This motion reorganises Senate business tomorrow to facilitate debate on the Marriage Amendment Bill (No. 2) 2012. With the cooperation of the opposition, the government is effectively using its one allocated time spot to debate a private senator's bill to allow the Senate to continue and finalise debate on the marriage amendment bill. This will mean that the Senate can express its position on the same bill that was voted on and defeated in the other place earlier today.
I should indicate at this stage not only the point in relation to time being utilised by the Senate but also the point in relation to the estimate of time taken by senators, given some of the comments made previously by Senator Milne and Senator Siewert. At the extreme, if all senators who have indicated a desire to speak in this debate were to take their full 20 minutes, there is an estimated nine hours involved. This will take us nowhere near midnight or 3 am, as some of my colleagues have raised with me as they have listened to the debate. Many of the senators on the list have indicated that they seek to make a contribution but not in the order of a full 20 minutes. We foresee that the debate should be managed in an appropriate way and within reasonable time. This motion on timing should be supported without further debate.
6:07 pm
Christine Milne (Tasmania, Australian Greens) Share this | Link to this | Hansard source
As I have indicated, the Greens will not be supporting this alteration to the hours of meeting and routine of business. The issue, apart from anything else, is that normally you would not change the hours on a Thursday, given members of parliament will have made decisions about where else they might be intending to be on Friday, without giving notice of that or indicating why it is urgent. It is absolutely applicable that there should be a request to change the hours of meeting and routine of business if a matter has come before the parliament which requires urgent consideration. If it is urgent then it is reasonable that the parliament be asked to change its normal way of business—which is, of course, that on Thursday we would rise at the end of a sitting week.
Now the government, with the coalition, has changed that and have done so by arguing that there is some urgency. But we have not heard a single argument from anyone as to what is urgent about bringing this matter to a decision and vote tomorrow; nor have we had any explanation for this extraordinarily unprecedented business of bringing a bill on in both houses at the same time, in the same week, to get it off the agenda. That is clearly a political strategy. Without any notice that this was going to occur, we are told today that the sitting hours have changed and we will sit here as long as it takes tomorrow night; there will be divisions and votes until whatever time it takes. There is not the courtesy from the government or the coalition to tell us why it is so urgent, other than that it is urgent to satisfy the political agenda of both the government and the coalition.

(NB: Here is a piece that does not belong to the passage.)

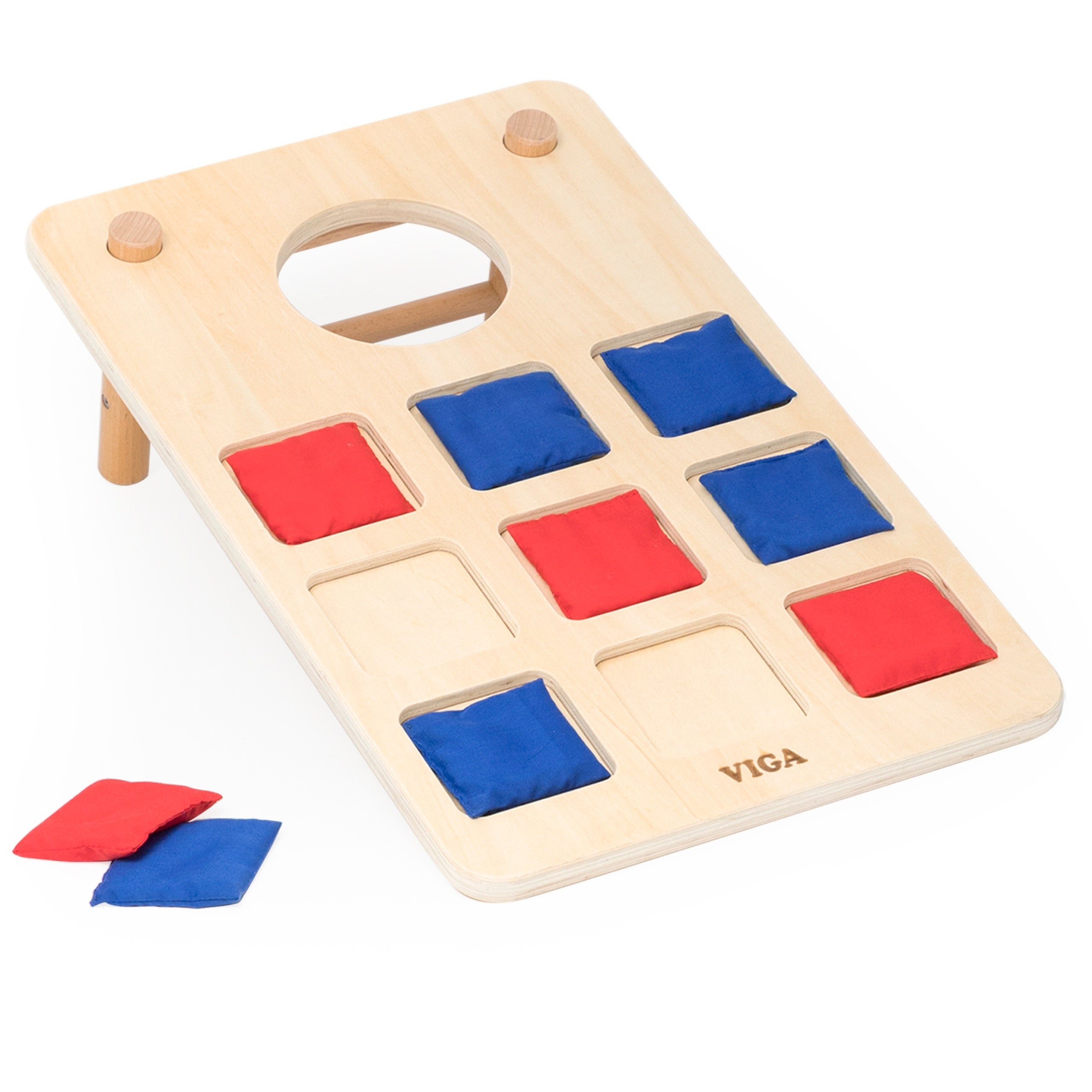Viga 2-in-1 Skill Game Tic-tac-toe + Cornhole - Throw To the Target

They will try to get this vote in both houses of parliament in the same week so as to get it off the political agenda, as I indicated before.
It is rude to the parliament and the people campaigning on this issue around the country that there has been no explanation as to why this is in the Prime Minister's interests—other than that, as we have heard, it is in the interests of the Australian Christian Lobby and Jim Wallace in particular to have this matter dealt with and voted on. As I indicated when I spoke on this matter, it was in fact that particular individual who invited Joe de Bruyn from the executive of the ALP to speak to him last year in order to outline a strategy to derail the majority opinion in the Labor Party. It is an extraordinary thing that someone who is on the executive of the Labor Party would work with someone outside the Labor Party to derail 80 per cent of the people in the Labor Party—which is the estimate that was made at the time—by using the Prime Minister in the way that he outlined seven weeks before the national ALP conference. That is exactly what has occurred.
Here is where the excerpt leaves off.